Константин  Жоль Тернистый путь рационализма



бет6/13
Дата24.07.2016
өлшемі0.77 Mb.
#219299
түріРеферат
1   2   3   4   5   6   7   8   9   ...   13

Константин  Жоль

Тернистый путь рационализма


    Агасфер, или Вечный Жид. – «Компания Иисуса» во главе контрреформаторов. – Жан Боден провозглашает идею суверенитета. – Сомневающийся ум Ренэ Декарта и рождение науки Нового времени. – Монархические капризы и «шутки» янсенистов. – Внутренняя драма «Мыслящего Тростника». – Феноменология человеческой жизни в трактовке строптивого писателя Бальтасара Грасиана. – О простаках и простецком мировосприятии в непростых условиях. – «Новые христиане» и кое-что любопытное о каббалистике, но не только о ней. – Голландский философ, шлифовавший линзы. – Этот загадочный Лейбниц.
    
    
     Агасфер, или Вечный Жид. Северный океан крепко-накрепко сковал поясом вечных снегов пустынные берега двух гигантских континентов, сковал там, где лежат последние границы этих континентов, разделенных узким проливом.
     Зима стремительно набирала силу. Ночной мрак и полярные вьюги неотвратимо шли на смену пасмурным северным дням.
     Бледный диск негреющего светила слабо освещал небо и снег, покрывающий необозримые пространства скалистых равнин двух континентов.
     От нестерпимого холода трескается земля, рвутся камни, выбрасываются фантастические снопы ледяных игл.
     Эти пустынные снежные широты почти необитаемы.
     Ни одно сколько-нибудь одушевленное существо, особенно из числа западноевропейских homo sapiens’ов, не может осмелиться нарушить безмолвное уединение этих ледяных краев, этих обиталищ колючего инея, ужасного холода, проклятого голода и полной биологической смерти. А между тем, как ни удивительно, на снегу двух континентов можно различить следы ног искателей приключений на свою голову. На американском материке различимы следы легкие, маленькие, свидетельствующие о том, что здесь проходила женщина, направляясь к скалам, откуда через пролив виднеется снежная пустыня противоположного материка. На снегу русского берега различимы следы более крупные и глубокие, говорящие о том, что здесь определенно проходил мужчина, направляясь к проливу.

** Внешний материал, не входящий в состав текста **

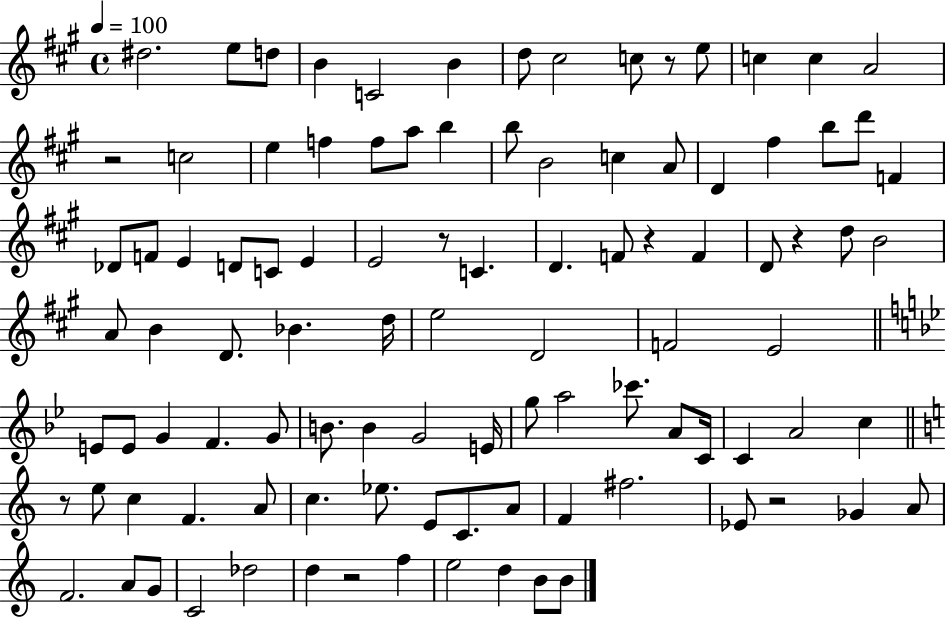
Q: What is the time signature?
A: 4/4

     Кажется, что эти явно одуревшие от жизненных невзгод путники надеются увидеть друг друга через узкий пролив, разделяющий континенты.

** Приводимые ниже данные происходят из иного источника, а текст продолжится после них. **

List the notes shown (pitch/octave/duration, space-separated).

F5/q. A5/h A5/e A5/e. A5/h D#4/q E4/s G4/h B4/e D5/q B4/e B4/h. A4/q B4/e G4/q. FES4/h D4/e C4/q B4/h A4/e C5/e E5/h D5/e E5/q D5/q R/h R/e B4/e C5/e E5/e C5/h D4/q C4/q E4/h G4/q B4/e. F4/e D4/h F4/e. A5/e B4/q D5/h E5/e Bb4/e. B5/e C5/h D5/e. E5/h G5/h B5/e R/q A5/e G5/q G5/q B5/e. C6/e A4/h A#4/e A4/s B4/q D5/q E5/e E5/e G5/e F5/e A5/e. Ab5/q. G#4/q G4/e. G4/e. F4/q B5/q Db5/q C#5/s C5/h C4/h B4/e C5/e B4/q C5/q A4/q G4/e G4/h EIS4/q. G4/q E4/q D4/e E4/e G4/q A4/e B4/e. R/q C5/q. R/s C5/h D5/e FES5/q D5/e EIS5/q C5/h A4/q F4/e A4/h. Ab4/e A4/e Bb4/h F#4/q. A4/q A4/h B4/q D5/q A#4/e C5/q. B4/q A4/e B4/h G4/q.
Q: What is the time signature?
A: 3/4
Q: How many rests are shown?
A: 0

     Очень, знаете ли, прелюбопытно поинтересоваться мне у какого-нибудь прохожего: что же это за путники, упорно шествующие своим довольно скорбным путем среди яростных конвульсий бурь и вьюг, сотрясающих оледеневшую природу?

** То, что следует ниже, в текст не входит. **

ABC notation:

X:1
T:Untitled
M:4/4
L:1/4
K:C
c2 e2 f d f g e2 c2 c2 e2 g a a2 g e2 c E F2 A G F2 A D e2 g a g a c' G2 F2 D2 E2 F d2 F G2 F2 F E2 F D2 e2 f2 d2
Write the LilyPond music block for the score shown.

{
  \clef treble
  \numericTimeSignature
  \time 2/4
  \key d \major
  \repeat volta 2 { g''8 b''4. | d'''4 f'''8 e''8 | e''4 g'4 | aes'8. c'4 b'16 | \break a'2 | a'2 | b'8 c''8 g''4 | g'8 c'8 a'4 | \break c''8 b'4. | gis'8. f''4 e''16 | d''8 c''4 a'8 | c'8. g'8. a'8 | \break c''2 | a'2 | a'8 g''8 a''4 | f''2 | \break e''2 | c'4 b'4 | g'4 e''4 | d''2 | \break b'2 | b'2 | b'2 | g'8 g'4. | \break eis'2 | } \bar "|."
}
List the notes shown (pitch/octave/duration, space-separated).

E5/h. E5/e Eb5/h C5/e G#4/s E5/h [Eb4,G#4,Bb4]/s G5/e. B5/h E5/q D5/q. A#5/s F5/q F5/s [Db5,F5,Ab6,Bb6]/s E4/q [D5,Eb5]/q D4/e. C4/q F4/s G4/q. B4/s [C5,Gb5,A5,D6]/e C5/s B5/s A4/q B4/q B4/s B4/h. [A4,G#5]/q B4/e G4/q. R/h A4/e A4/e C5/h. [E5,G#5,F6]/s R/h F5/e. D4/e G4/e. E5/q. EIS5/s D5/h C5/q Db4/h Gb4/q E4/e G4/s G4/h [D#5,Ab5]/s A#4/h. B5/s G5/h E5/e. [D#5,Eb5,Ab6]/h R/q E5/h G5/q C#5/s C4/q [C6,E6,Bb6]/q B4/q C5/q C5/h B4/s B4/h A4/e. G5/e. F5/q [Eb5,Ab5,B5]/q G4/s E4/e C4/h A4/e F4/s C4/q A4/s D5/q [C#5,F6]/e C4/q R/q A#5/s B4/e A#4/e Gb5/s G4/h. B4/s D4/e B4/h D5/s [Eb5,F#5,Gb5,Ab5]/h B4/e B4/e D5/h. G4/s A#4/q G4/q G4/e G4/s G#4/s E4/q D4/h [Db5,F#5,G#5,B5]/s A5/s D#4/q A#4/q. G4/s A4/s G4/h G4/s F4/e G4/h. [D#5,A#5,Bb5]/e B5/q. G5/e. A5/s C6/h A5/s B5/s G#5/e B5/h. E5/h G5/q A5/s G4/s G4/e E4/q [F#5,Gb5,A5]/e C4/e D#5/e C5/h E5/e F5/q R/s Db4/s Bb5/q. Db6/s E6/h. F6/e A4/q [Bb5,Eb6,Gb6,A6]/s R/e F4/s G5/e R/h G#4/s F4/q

     Явно не случайно, что семь гвоздей, которыми подбиты сапоги мужчины, оставляют след, имеющий форму креста.
     Становится все темнее, холоднее и тоскливее.
     По небу разливается зловещее в своем волшебстве северное сияние.
     На русском берегу застывает на коленях мужчина, с неизъяснимым отчаянием протягивая к противоположному берегу совершенно озябшие руки без меховых перчаток. А на противоположном берегу красивая молодая женщина указывает руками без рукавичек на небо.
     Туман постепенно сгущается, и всё исчезает во мраке и без того мрачной ночи.
     Откуда пришли эти два несчастных существа?
     Кто они, эти призрачные странники, встретившиеся в полярных льдах, на границе Старого и Нового света?
     Примерно так начинается мое восприятие книги известного французского писателя Эжена Сю «Агасфер».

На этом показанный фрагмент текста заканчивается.